インタビュアー田中友人インタビューシリーズの第6回。
数年前まで首都圏の大型書店にお勤めだったFさんのお話です。書店のお仕事のあれこれを、Fさんの7年間の経験からお聞きしました。

※インタビュアー田中の発言の前には──が付いています。
 付いていない発言はFさんの発言です。

※個人的な経験と記憶に基づいたお話です。事実、あるいは現状と異なる箇所があるかもしれません。

3日目となりました。本屋さんと言えば「フェア」と「POP」。書店員さんの腕の見せ所でしょうか。Fさんがスポットを当てて売れた本のお話も!

定番フェア・自由企画フェア

──書店でのフェアっていうのは、テーマに合わせて、おすすめ本を集めて、コーナーに置くというもの?

 そうですね。フェアのための棚があって、ずっと同じじゃいけないので、定期的に変えていくために、フェアの担当を持ち回りでやったりとか、できる人がやったりとか、そういう感じでした。

──いつも何かしらのフェアが張ってある?

 フェアの棚は常に何らかのフェアはやっていますよ。他にも、法律だったら、宅建士試験前の時期になったら宅建関連の本を売っていくフェアをやったり、教育書も毎年2月〜4月終わりぐらいにフェアって形でやってますね。
 そういった定番フェアもありつつ、それ以外にも自由な企画をやります。
 出版社さん提案のフェアもあります。出版社さんもあの手この手で売ろうとするので。

──Fさんの企画したフェアにはどんなものが?

 同僚と3人で、表紙にいい顔のおじさんが写ってる本をただ集めるっていうフェアをやったことがあります(笑)。

──(笑)面白い。 

いい顔フェア

 あと、10年ほど前にチュニジアを発端にした「アラブの春」っていう騒乱があって中東が混乱したり、その数年後イギリスやスペインなどで地域の独立運動が起こったりしていた流れがあって、僕は海外事情の棚を担当していたんで、それに関するフェアを一人で100点ぐらい本を集めてやったんです。一人でやったフェアとしては結構大規模です。それはやれてよかったなと、満足しています。
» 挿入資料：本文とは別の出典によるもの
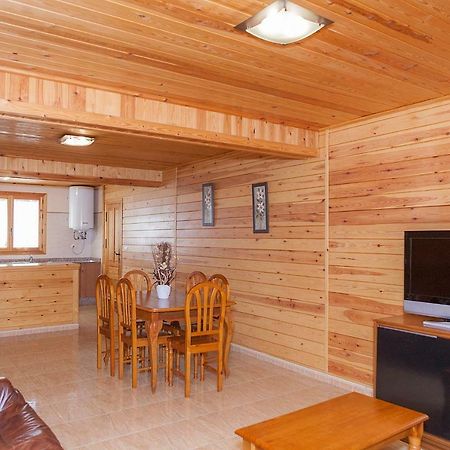 Casa Rural Los Canos Fuente-Álamo 외부 사진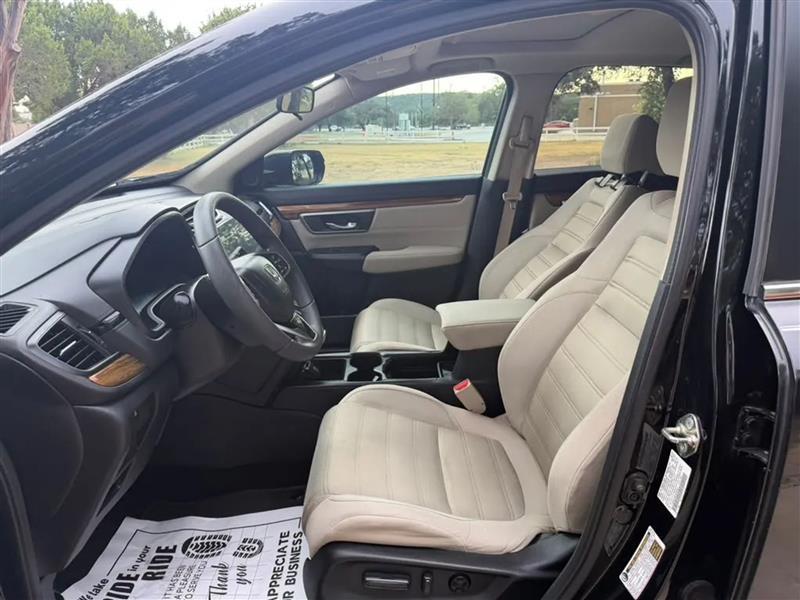 Honda CR-V EX 2WD 2017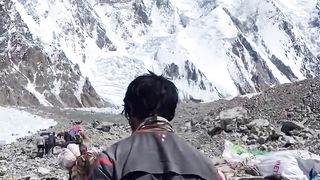 K2 Base Camp
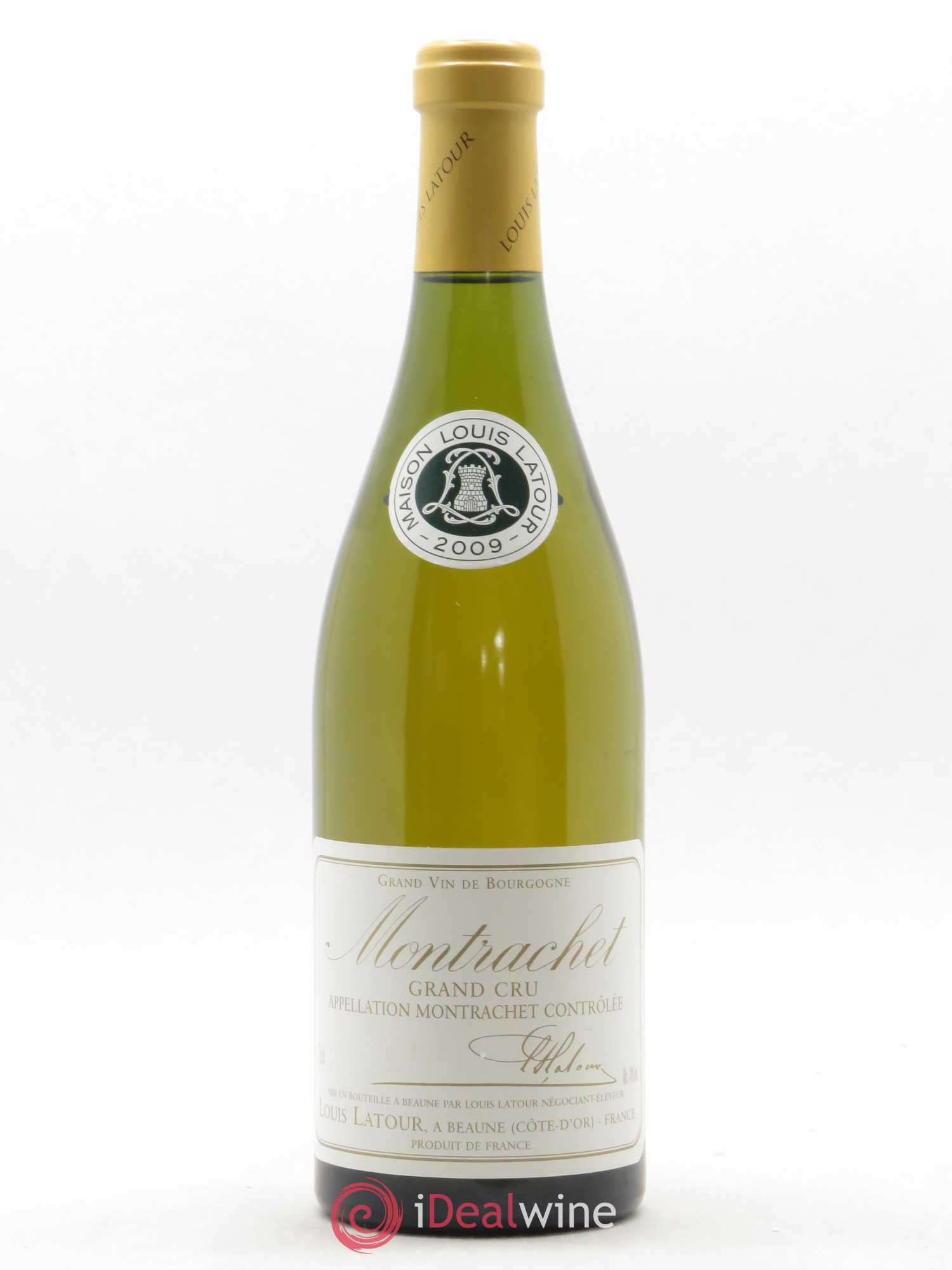Montrachet Grand Cru Louis Latour 2006 - Posten von 1 Flasche - 0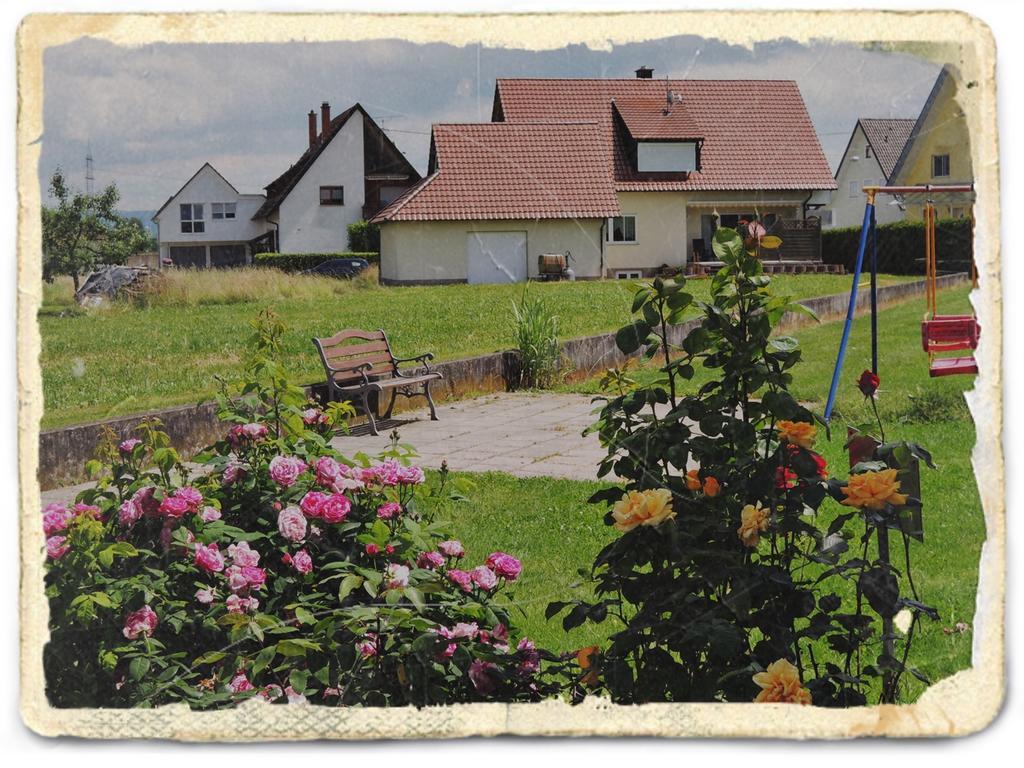 Hotel - Restaurant Hirschen - Werneths Landgasthof Beim Europa- Park Rust Rheinhausen Dış mekan fotoğraf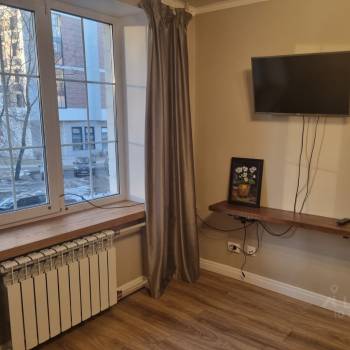 Сдается 1-комнатная квартира, 17 м²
 また、これは他の人のアイデアですが、ちょっと怖かったり、グロかったりの、王道じゃない絵本を何人かで選んだフェアとか。どんな絵本を選んだのかもう覚えてないんですけども(笑)。

──絵本のフェアをFさんのフロアでやったんですか?

 そう。法律とか社会の本のフロアだけど、絵本のフェアをやった。ジャンルを超えてもOKという、そういう自由さはありましたね。もちろん担当ジャンルのフェアもやるべきではあるんですけども、まあ、自由に。

──フェアというのは、売り上げに直接的につながるんですか?

 うーん、フェアの本って案外売れない(笑)。

──雰囲気を華やかにするとか、売り場を活性化するみたいな意味合い?

 お客さんに来てもらうためのフェアなんで。フェアの本を売るためというよりかは、フェアによってお客さんを呼ぶみたいな感じですかね。

 うまい具合にすごく売れることもあるんですけどね。僕の知り合いがやった、書籍のタイトルをカバーで隠して売るフェア。

──あー!話題になって、いろんな本屋さんでやっていましたね。

 同じ書店の僕の飲み仲間みたいな人がやり始めたフェアで、確か、一番最初の文章だけを印刷したカバーを作って、表紙にかぶせて。タイトルとか作者名はすべて隠して、お客さんに直感で本を選んでもらおうという試み。あれは当たりましたね。

──すごく手間がかかりそうですよね。

 徹夜続きぐらいの感じでやってました。特にすごく売れたんで。

──大胆な企画ですよね。そういうのができるって楽しいですね。
  アイディアを思いついたら会議にかけてもらって決まるんでしょうか?それとも自分の担当時期になったら自由に?

 定期的に定番でやる分は決まっているけども、あとは誰かフェアやりたい人いない?みたいな感じで声をかけられたり、こういう感じのフェアやりたいんでいいですか?って、フロアの責任者に話を通してやる感じですね。会議まではしないかな。

──フェアタイトルの看板や装飾は手作りなんですか?

 自分で手作りもするし、一応、店内に作ってくれる人がいた。ただその人もデザイン専門というわけじゃないんで、表計算ソフトで作ってたりするような感じでしたけどね。大きい紙に印刷してくれたり。自分でもちっちゃいのをうまい具合に組み合わせてやったりとかもしてた。手描きでもよく作りました。

書店員のPOPは伝わる

──POP(ポップ)は売りたい本につけるんですか?

 これも本当に人によるんだけども、POPがあんまり棚にあると汚いから嫌だって人もいるし、出版社さんが作ってこられたPOPとかもあるのでそれを置いたりもするんだけども、書店員が手作りしたPOPの方がウケはいいんですよね。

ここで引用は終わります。